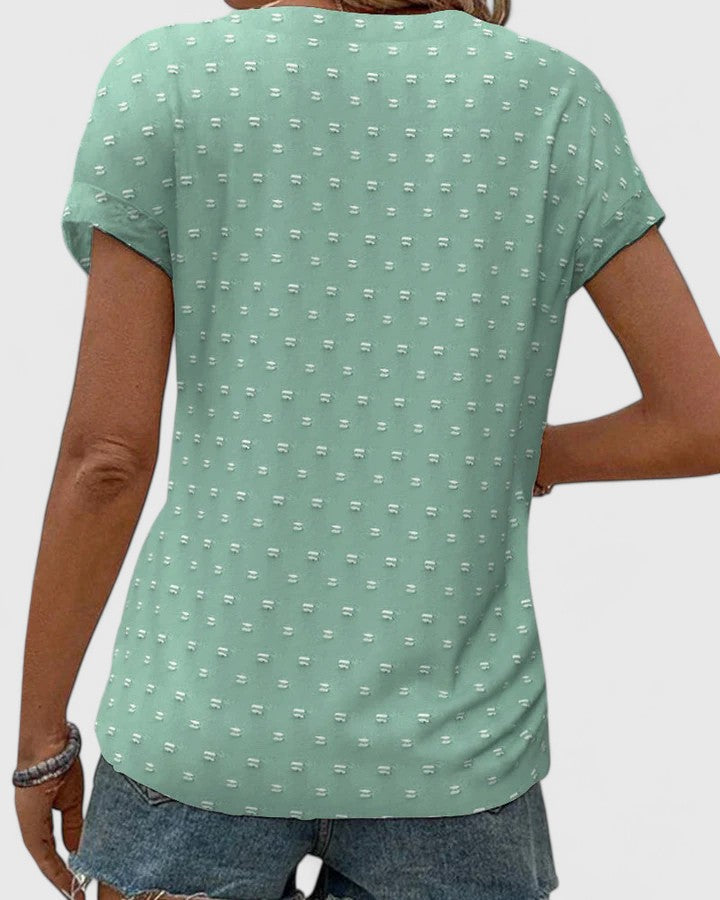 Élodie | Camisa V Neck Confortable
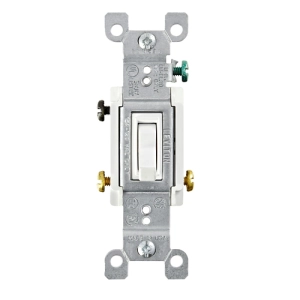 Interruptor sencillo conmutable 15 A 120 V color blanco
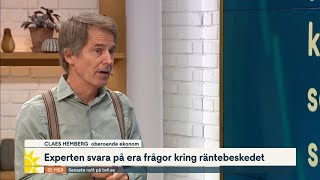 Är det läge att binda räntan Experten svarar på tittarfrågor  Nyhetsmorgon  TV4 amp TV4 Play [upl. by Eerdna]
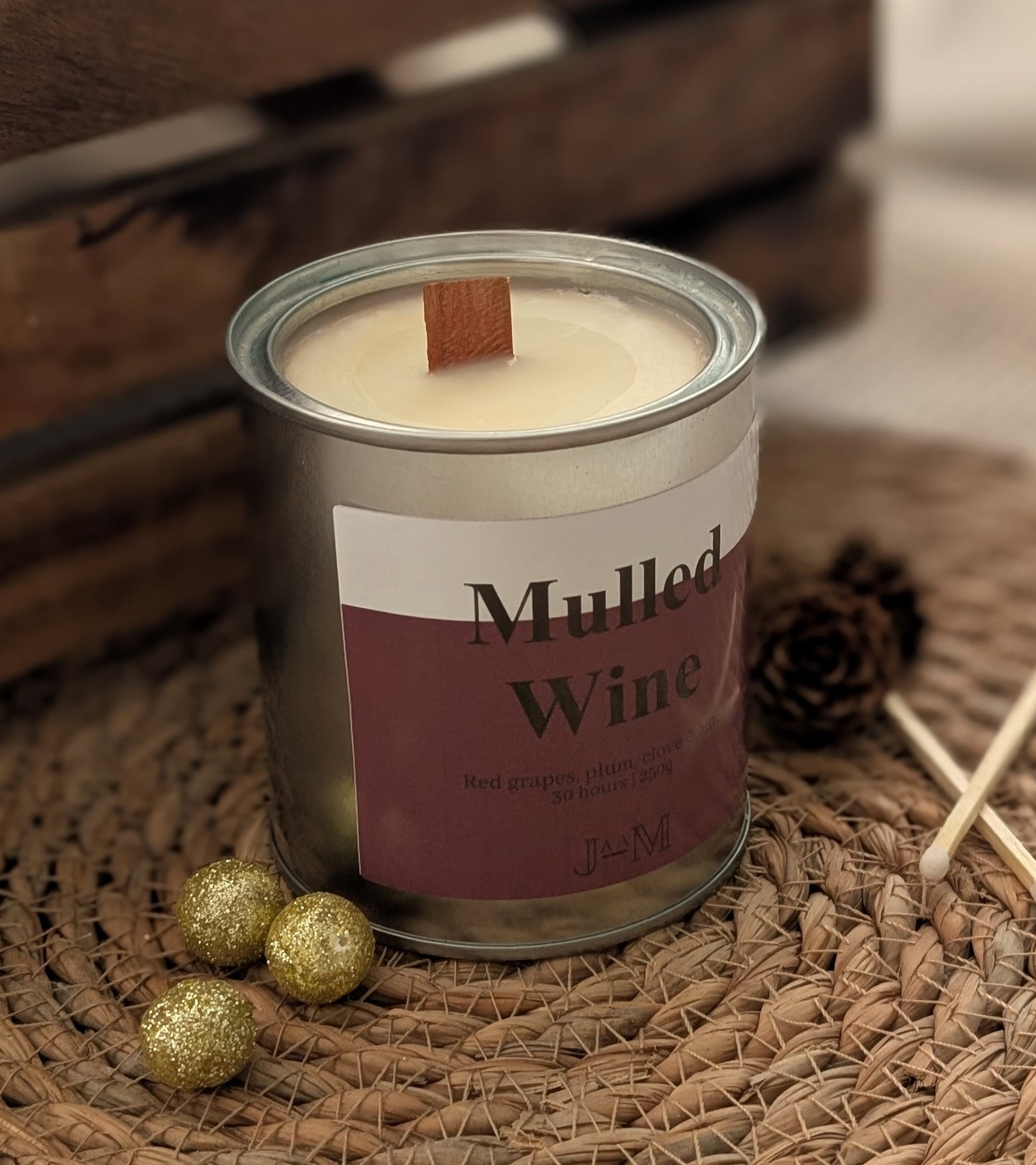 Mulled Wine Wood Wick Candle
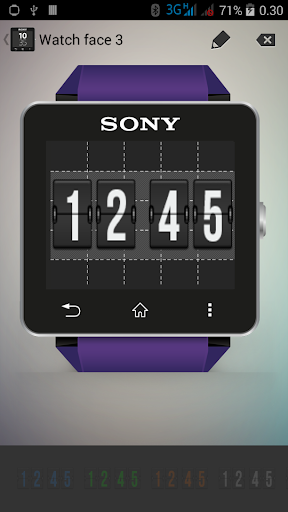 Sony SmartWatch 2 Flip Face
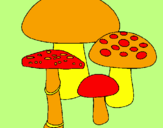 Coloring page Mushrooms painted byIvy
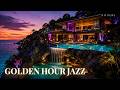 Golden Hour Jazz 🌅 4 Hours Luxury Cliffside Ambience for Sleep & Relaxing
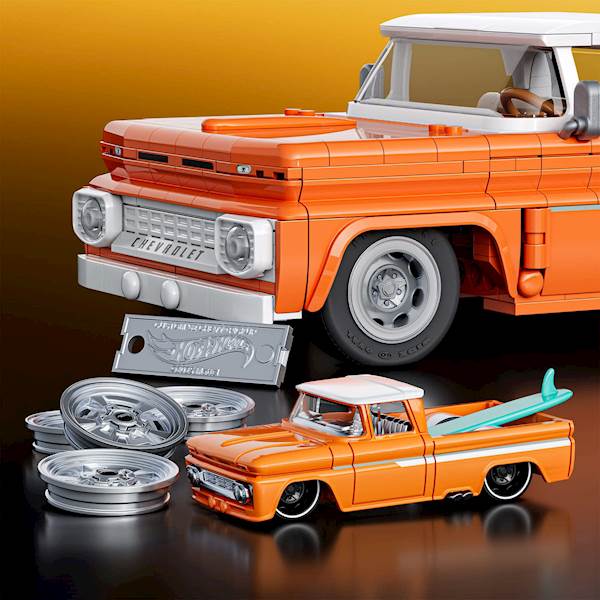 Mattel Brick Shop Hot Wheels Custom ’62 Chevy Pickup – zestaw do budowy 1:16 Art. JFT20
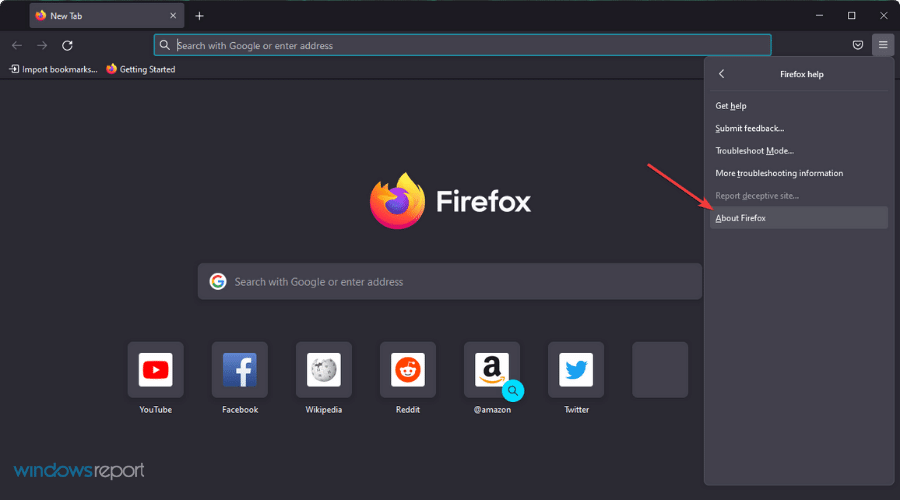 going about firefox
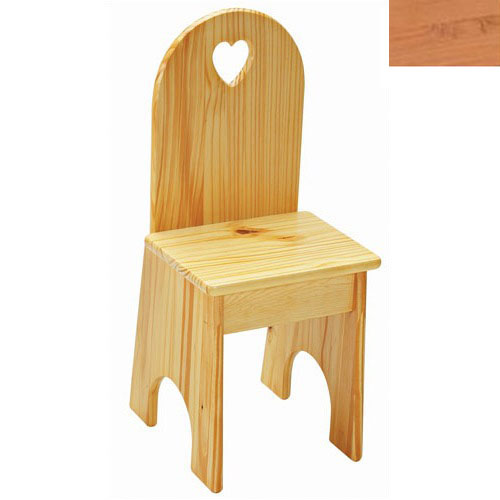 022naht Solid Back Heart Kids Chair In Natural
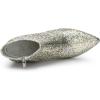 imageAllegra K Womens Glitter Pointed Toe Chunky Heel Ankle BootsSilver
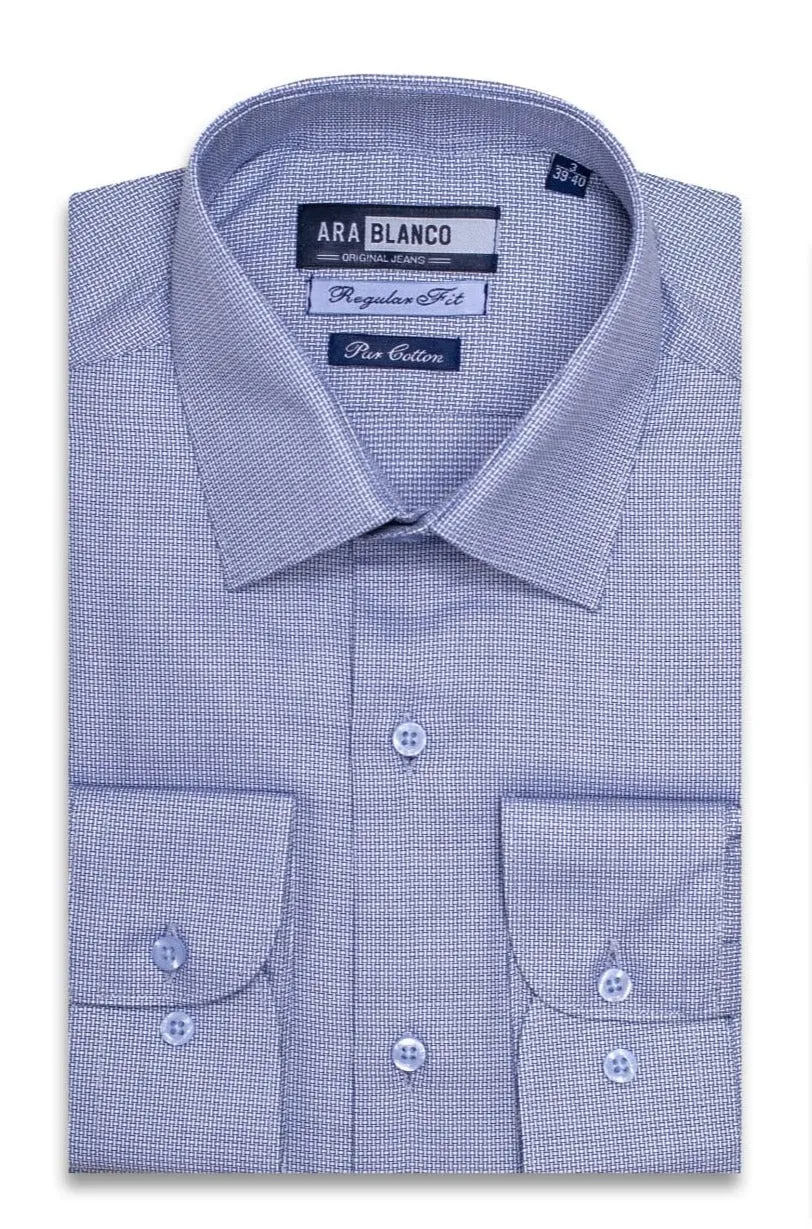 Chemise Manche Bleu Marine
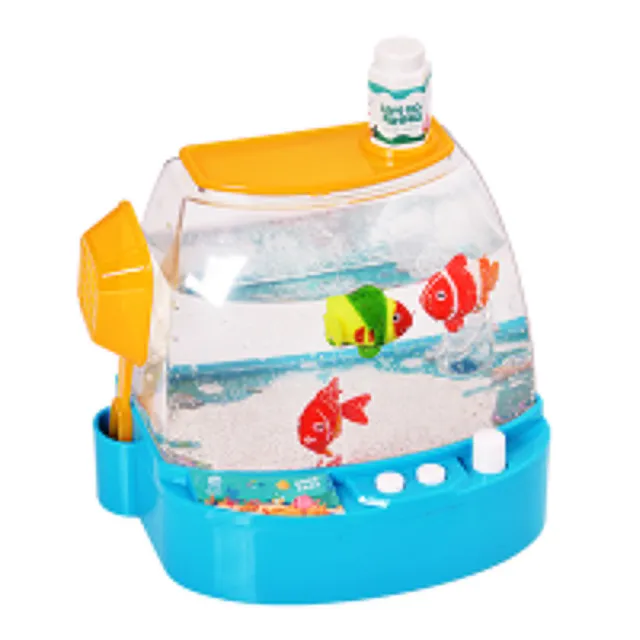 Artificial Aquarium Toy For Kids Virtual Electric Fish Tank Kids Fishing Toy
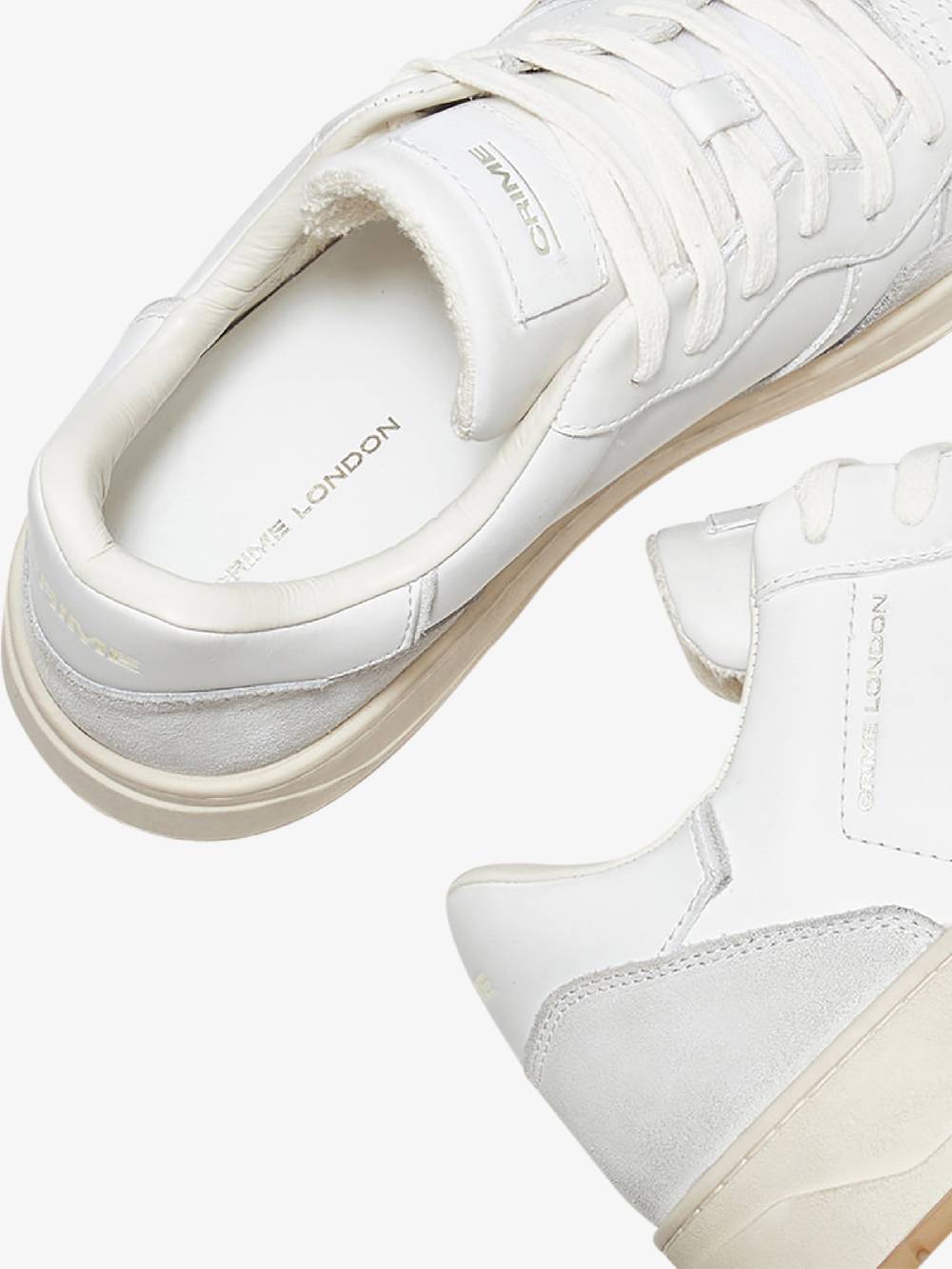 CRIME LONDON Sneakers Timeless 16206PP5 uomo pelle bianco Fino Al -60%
——————————
The answer should hold every entry exactly as given and no pictures at all.

 Élodie | Camisa V Neck Confortable
 Interruptor sencillo conmutable 15 A 120 V color blanco
 Är det läge att binda räntan Experten svarar på tittarfrågor  Nyhetsmorgon  TV4 amp TV4 Play [upl. by Eerdna]
 Mulled Wine Wood Wick Candle
 Sony SmartWatch 2 Flip Face
 Coloring page Mushrooms painted byIvy
 Golden Hour Jazz 🌅 4 Hours Luxury Cliffside Ambience for Sleep & Relaxing
 Mattel Brick Shop Hot Wheels Custom ’62 Chevy Pickup – zestaw do budowy 1:16 Art. JFT20
 going about firefox
 022naht Solid Back Heart Kids Chair In Natural
 imageAllegra K Womens Glitter Pointed Toe Chunky Heel Ankle BootsSilver
 Chemise Manche Bleu Marine
 Artificial Aquarium Toy For Kids Virtual Electric Fish Tank Kids Fishing Toy
 CRIME LONDON Sneakers Timeless 16206PP5 uomo pelle bianco Fino Al -60%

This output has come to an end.